I am biking along Colleville Beach  -- it is a beautiful day and families are spread out for miles along the beach, playing in the water, picnicking, sitting in the sun, doing all the things that families do on a beautiful white sandy beach.

And inside I am screaming:

Don't they know this is sacred ground!?!

This part of France is better known to most Americans as part of Omaha Beach, where on June 6, 1944, the American Allies landed on D-Day on the coast of Normandy. The remnants of what was the largest armada ever assembled are on the bluffs above the beaches -- bomb craters, fortified gun positions, and rows and rows of white crosses (with an occasional Star of David) marking the graves of the some of the near half million American, British, Canadian, German, and other countries' casualties of the Battle of Normandy.

View from Pointe du Hoc, where rangers scaled 100 foot cliffs to reach Nazi guns
I am mesmerized by this battle -- the stunning losses on this beach, the confusion and chaos of this part of the landing gone terribly wrong.  The bombers that were supposed to take out the German guns dropped most of them harmlessly behind the lines because of a ground fog.  Men so seasick that when they landed, going forward into a hail of bullets seemed a better choice...  infantrymen trained to razor precision to work together separated from the rest of their troops, including their leaders... the loss of most of the radios (let alone those who were supposed to use them) so that the big guns 15 kilometers off shore that were supposed to take out the heavy artillery that rained down death on the beach could not do so for lack of coordinates, and could only watch from afar... the extraordinary courage of ordinary men - "if we're going to die, let's die up there!"  The smaller destroyers, guns blazing to try to eliminate some of the German gun positions, risking grounding or hitting a mine, attempting to do what was not in the plan to save the men on the beach...and the future of the free world.

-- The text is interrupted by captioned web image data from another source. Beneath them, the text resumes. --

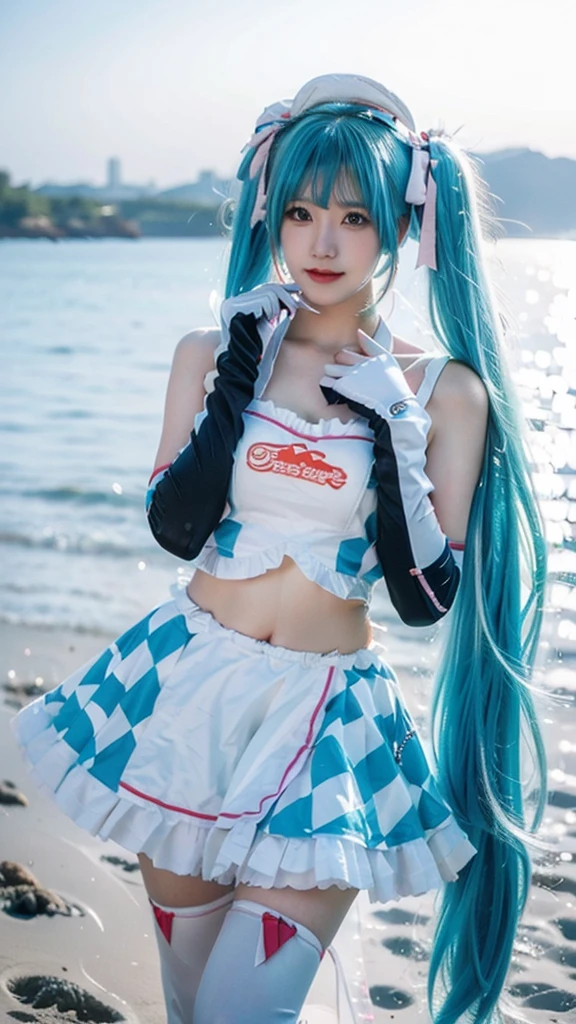hatsune miku cosplay costume, hatsune miku, racing miku, cosplay, aqua hair, twintails, very long hair, crop top, checkered clothes, midriff, navel, multicolored gloves, elbow gloves, hair ribbon, ribbon, hat, skirt, frilled skirt, thighhighs, print legwear, high heels ((Cleavage visible, E-cup size)), 1girl, beautiful detailed eyes, Sexy long legs, beautiful detailed lips, extremely detailed face and skin, long elegant hair, flawless hourglass figure, cleavage, standing on the beach, photorealistic, detailed texture, flowing hair, expressive eyes, warm smile, ornate details, soft lighting, relaxed pose, natural lighting highlights features and surroundings, anatomically correct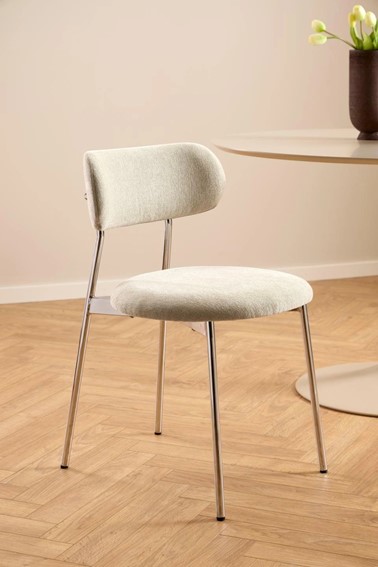 Krzesło LYRIC Beżowy/Chrom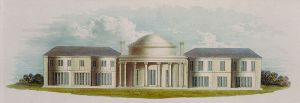the garden front of the Marine Pavilion at Brighton, later to be transformed into the Royal Pavilion. Between the late 1780s and the early 1810s.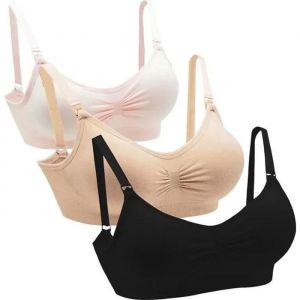 Soutien Gorge Sans Armature Allaitement,Noir+Ecru+Rose Clair,L - Neuf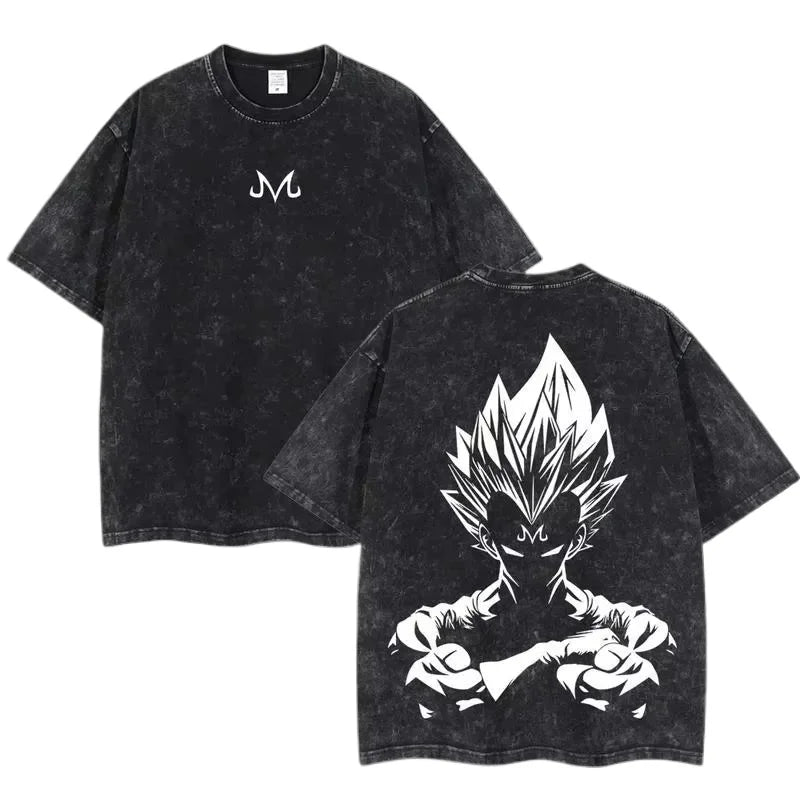 Dragon Ball 2026 New Hot Vegeta Anime Men Washed T-Shirt Harajuku Summer Cotton Fitness Vintage Street Oversized Women Casual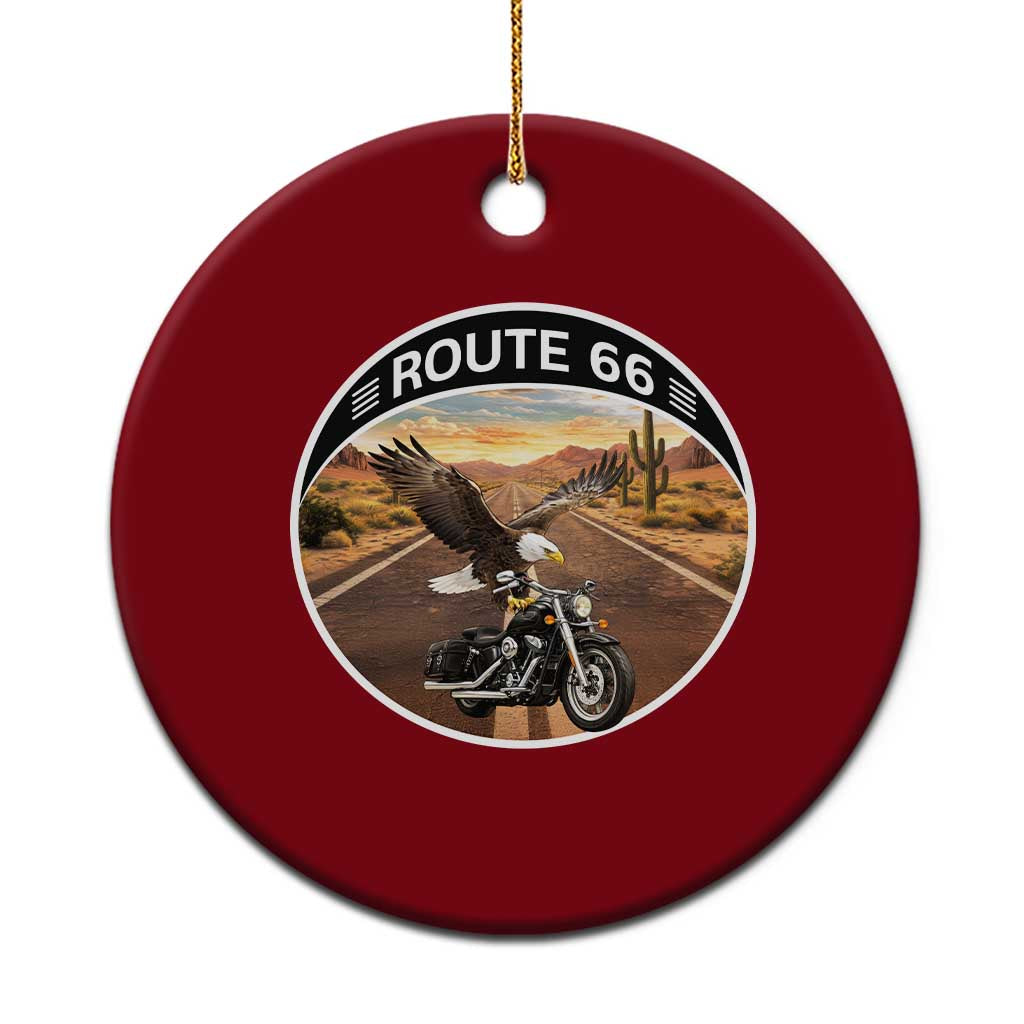 Route Highway 66 Motorcycle Eagle Ceramic Ornament Americana Adventure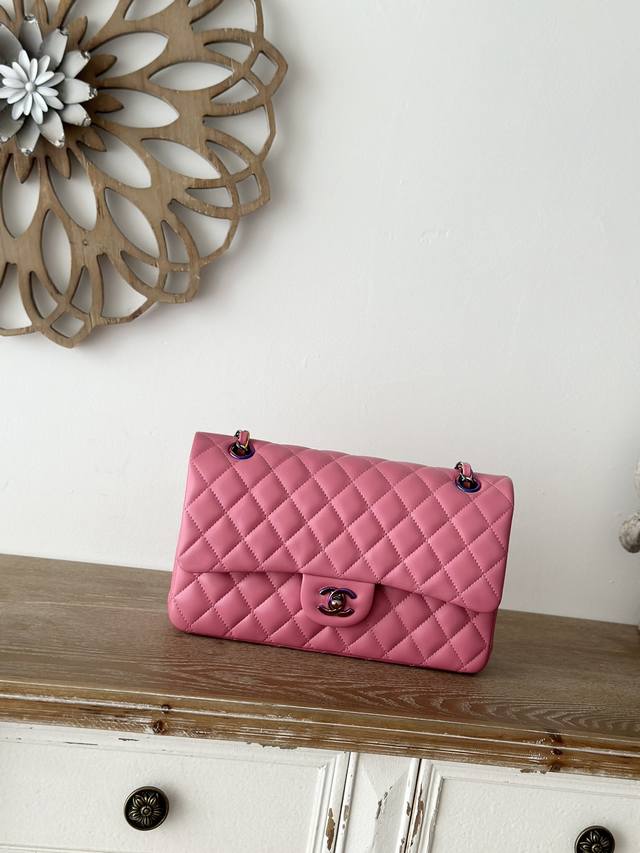 In Stock Chane Imported Lambskin, All-Metal Hardware, New Design: Pink And Yello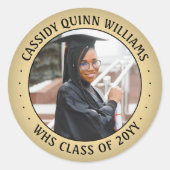 Fotoklasse: zwart en goudlegant Afstuderen Ronde Sticker (Voorkant)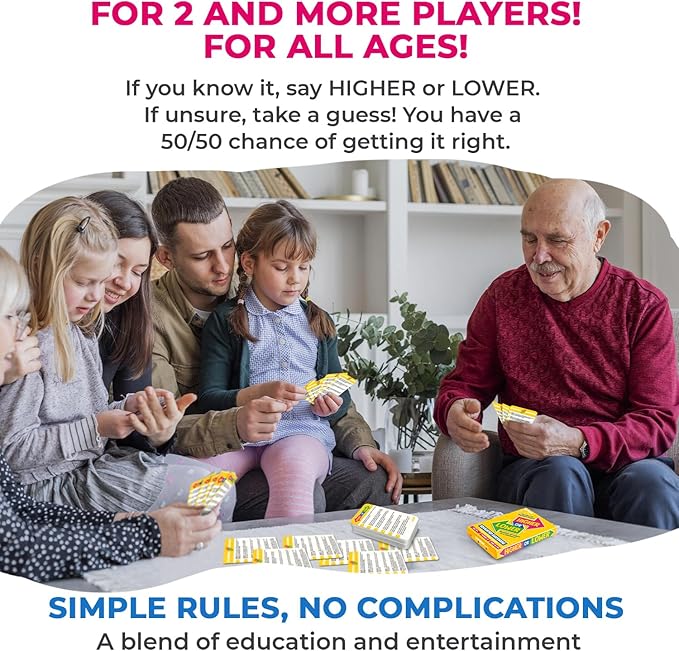 QUOKKA Trivia Board Games for Kids and Adults - Version V2.0 - Family Night Board Game 4xSet Higher or Lower Trivia Cards | Guess Fun Questions | 2 + Players - Challenge Your General Knowledge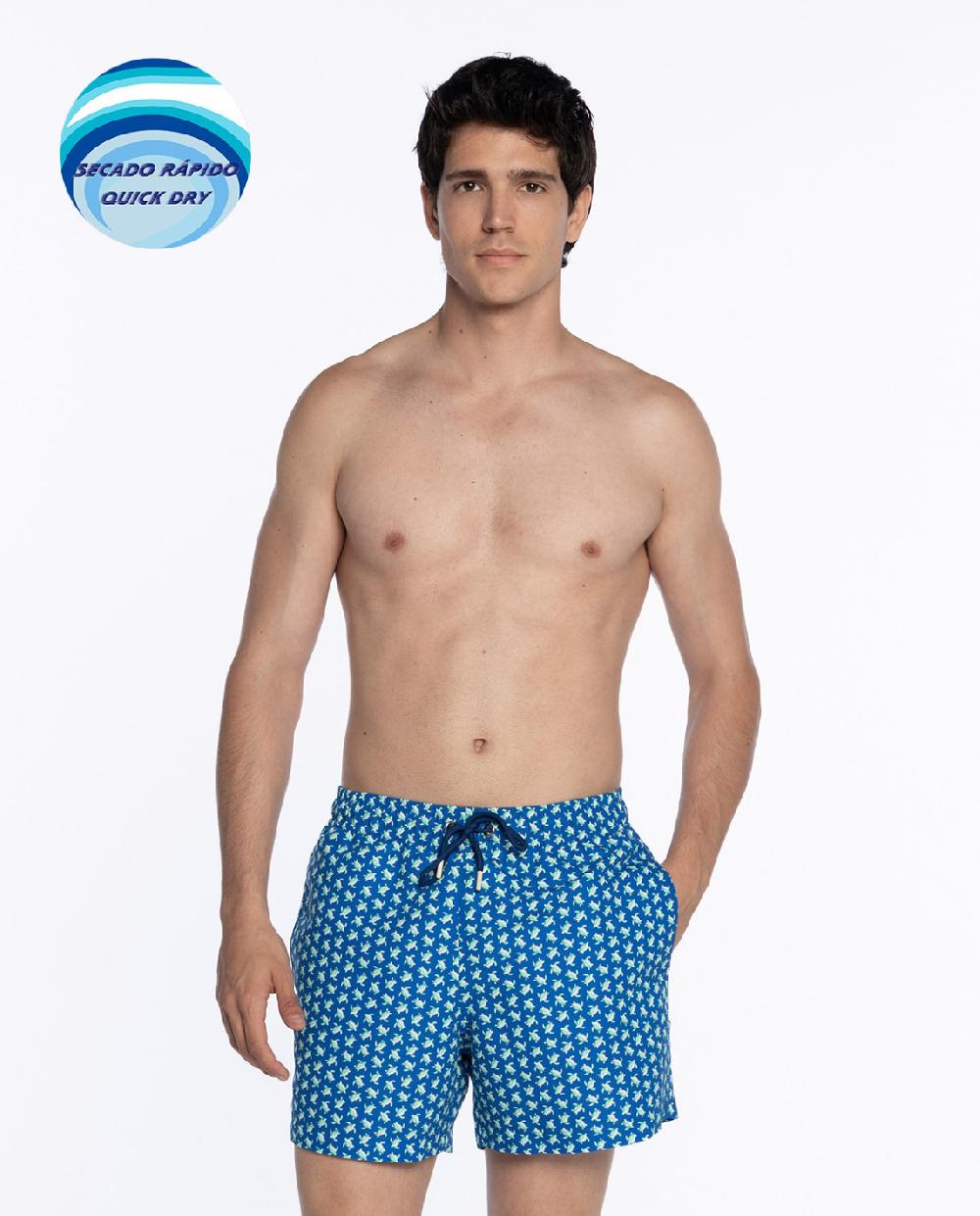 punto blanco Short estampado de tortugas. Paradise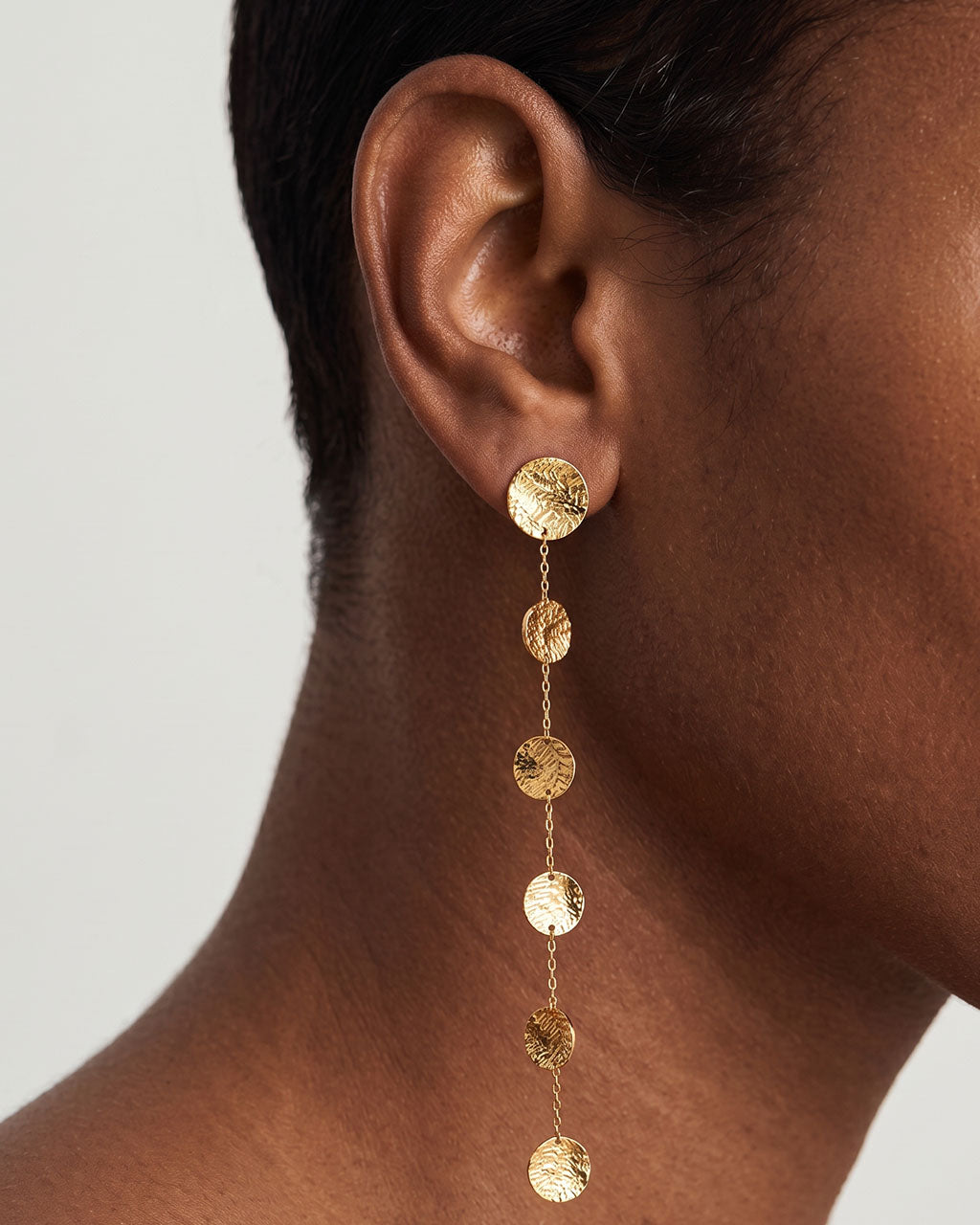 Cascading Disc Linear Drop Waterproof Gold Earrings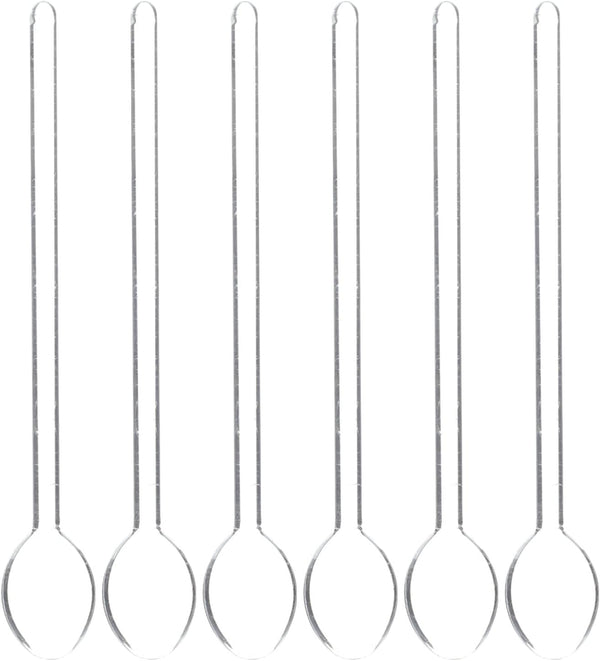 DOITOOL 6Pcs Clear Glass Espresso Spoons, 5.58 Inch Teaspoons for Coffee Mixing at Home Bar Party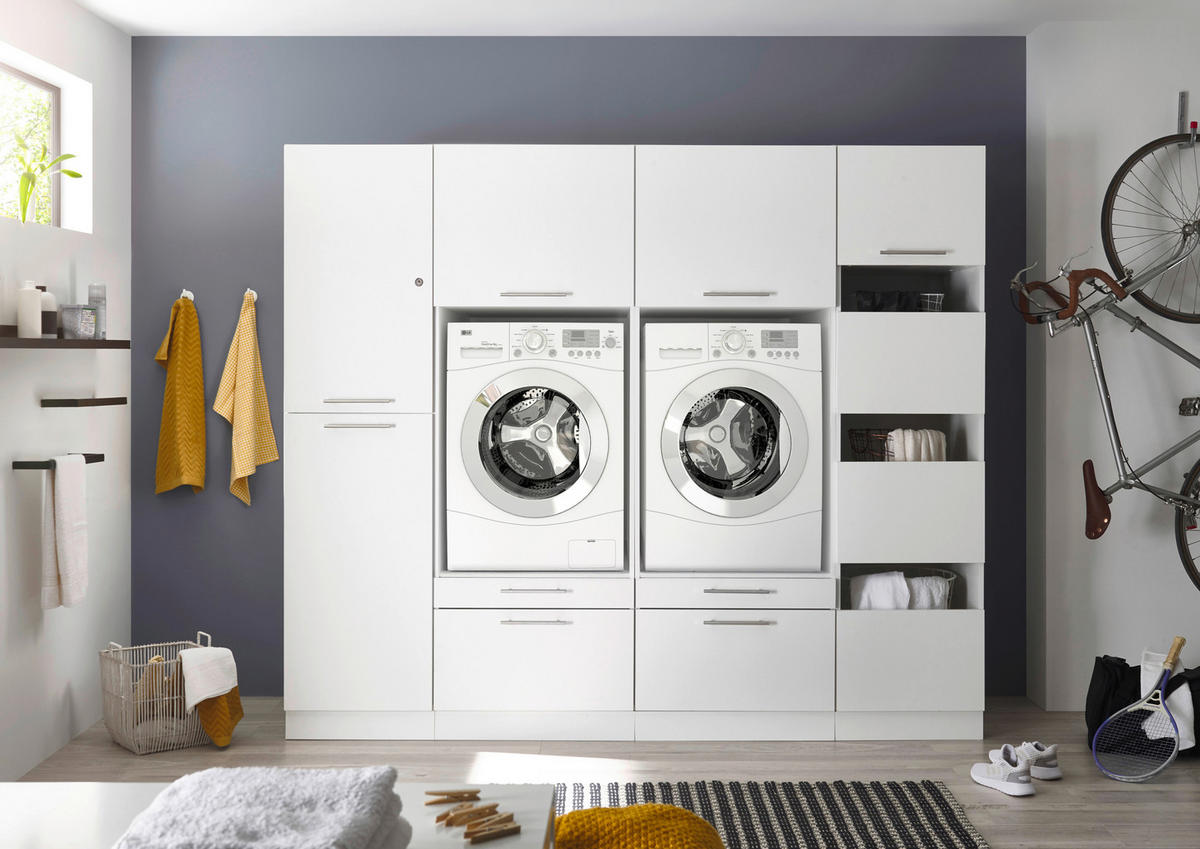 Respekta Hauswirtschaftsraum-Set Clara weiß matt B/H/T: ca. 234,8x200x67,6 cm Clara - weiß (234,80/200,00/67,60cm) - Respekta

What is behind my fascination with D-Day?  How does it reconcile with my faith?  Delegates at the 2010 General Assembly pointed out that some of us believe "force is sometimes necessary as a last resort".  Chamberlain tried appeasement in 1938 in an attempt to avoid war, sacrificing Czechoslovakia in the process.  Petain tried to keep France out of fighting -- and was complicit in sending 75,000 Jews and other "undesirables" to death. 

I reach my destination on the beach -- a restaurant where my small group joins M. Heintz, who was part of the Battle of Normandy as a French Resistance fighter.  Now 94, he leads us over the bluffs, walking briskly and purposefully to each spot, and tells its story.  At some point, I ask him the question I also asked M. Vico, the Resistance fighter we met with the day before.  

The Battle of Normandy included "carpet-bombing" vast swathes of the Norman countryside, leveling and killing everything.  Cities that had stood for centuries:  Caen, Rouen, were essentially leveled, killing more than 20,000 civilians.  I had assumed these were Nazi bombs -- they were Allied.

How did he, M. Heintz, feel about the decision to level his Normandy?

He pauses..  thinks for a few moments, and says "it had to be done.  Sometimes we must look to greater purposes."

Don't they know this is sacred ground?  Of course they do.  Many of the families I rode past lost members of their own families in WW II -- not to mention WW I.  But sacred ground means something different when it is fought on your own home soil.

Every year the veterans of D-Day return to this part of France on June 6 -- fewer every year.  They relive those moments when they somehow survived and changed the course of history.  And below them, on the white sandy beaches, families continue to live.